Desde julio de 2023, cuando Lionel Messi cruzó el Atlántico y pasó del PSG al Inter Miami, ver al mejor de la historia en la MLS se convirtió en una experiencia que iba más allá del fútbol. Era verlo brillar, en el ocaso de su carrera, y revolucionar la industria de un deporte que se hace cada vez más fuerte en los Estados Unidos. Pero también era mantenerlo con el ritmo suficiente como para seguir disfrutándolo con la camiseta de la Selección Argentina, con un objetivo silencioso: jugar el Mundial 2026 a los 39 años de edad. A un mes del subcampeonato contra España, reencontrarse con Leo vestido de rosa provoca otro sentimiento, menos ilusión y más melancolía.

En primer lugar, porque es imposible no tener presentes sus palabras tras la muerte de su papá, cuando en una carta escrita con el corazón se planteó la posibilidad del retiro.

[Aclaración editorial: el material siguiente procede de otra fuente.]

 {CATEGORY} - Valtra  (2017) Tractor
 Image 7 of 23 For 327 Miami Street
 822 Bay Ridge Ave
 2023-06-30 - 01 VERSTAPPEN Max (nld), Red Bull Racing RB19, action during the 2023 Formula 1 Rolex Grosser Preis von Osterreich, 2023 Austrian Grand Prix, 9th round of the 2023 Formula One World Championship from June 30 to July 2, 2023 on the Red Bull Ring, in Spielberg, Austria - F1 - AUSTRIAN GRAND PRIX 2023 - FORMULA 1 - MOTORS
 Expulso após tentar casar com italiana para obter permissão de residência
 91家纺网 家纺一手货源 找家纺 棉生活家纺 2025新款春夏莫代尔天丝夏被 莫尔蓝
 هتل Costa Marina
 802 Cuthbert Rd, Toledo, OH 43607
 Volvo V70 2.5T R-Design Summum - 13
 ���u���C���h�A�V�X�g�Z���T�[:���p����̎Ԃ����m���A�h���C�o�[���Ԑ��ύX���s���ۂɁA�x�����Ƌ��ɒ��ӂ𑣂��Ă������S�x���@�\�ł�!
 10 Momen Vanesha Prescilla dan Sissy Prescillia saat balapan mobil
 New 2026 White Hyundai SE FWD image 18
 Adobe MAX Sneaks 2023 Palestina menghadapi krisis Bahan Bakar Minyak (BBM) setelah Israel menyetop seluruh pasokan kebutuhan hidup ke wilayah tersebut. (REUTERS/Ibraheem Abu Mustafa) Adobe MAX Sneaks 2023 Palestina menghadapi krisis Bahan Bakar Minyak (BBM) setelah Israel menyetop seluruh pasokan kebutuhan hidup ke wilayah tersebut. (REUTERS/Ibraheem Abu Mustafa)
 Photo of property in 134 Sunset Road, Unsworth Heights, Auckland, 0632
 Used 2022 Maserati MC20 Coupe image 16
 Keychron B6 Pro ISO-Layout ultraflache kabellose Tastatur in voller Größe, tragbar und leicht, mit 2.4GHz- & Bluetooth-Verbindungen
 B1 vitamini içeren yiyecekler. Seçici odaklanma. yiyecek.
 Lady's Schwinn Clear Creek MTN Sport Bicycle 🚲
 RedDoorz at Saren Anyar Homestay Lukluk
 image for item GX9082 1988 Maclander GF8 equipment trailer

Pero también por lo que duele ver en cancha al 10, rodeado de un equipo con varias figuras como Luis Suárez y Casemiro, pero con un funcionamiento por momentos amateur, que se hunde en la tabla y suma una derrota tras otra. El Pistolero tuvo un penal en movimiento, completamente solo, cuando estaban 0-0, pero se apuró y la mandó a cualquier lado; el brasileño, pesado como el clima en la Florida, parece un exfutbolista y salió reemplazado en el complemento, cuando se venía la goleada.

Esta vez fue Toronto FC, un rival menor y que nunca había ganado en Miami, el que se aprovechó de los dirigidos por Guillermo Hoyos, el DT argentino que hace cinco meses reemplazó a Javier Mascherano y empieza a generar cada vez más dudas. Para colmo, el 1-2 se dio en el Nu Stadium, tan pintoresco como negativo en materia de resultados: jugó 11 partidos desde su inauguración en abril, y sólo ganó cuatro. Las butacas vacías en buena parte de este pequeño Maracaná son una señal de este presente deslucido: de los últimos cinco encuentros perdió cuatro y empató uno.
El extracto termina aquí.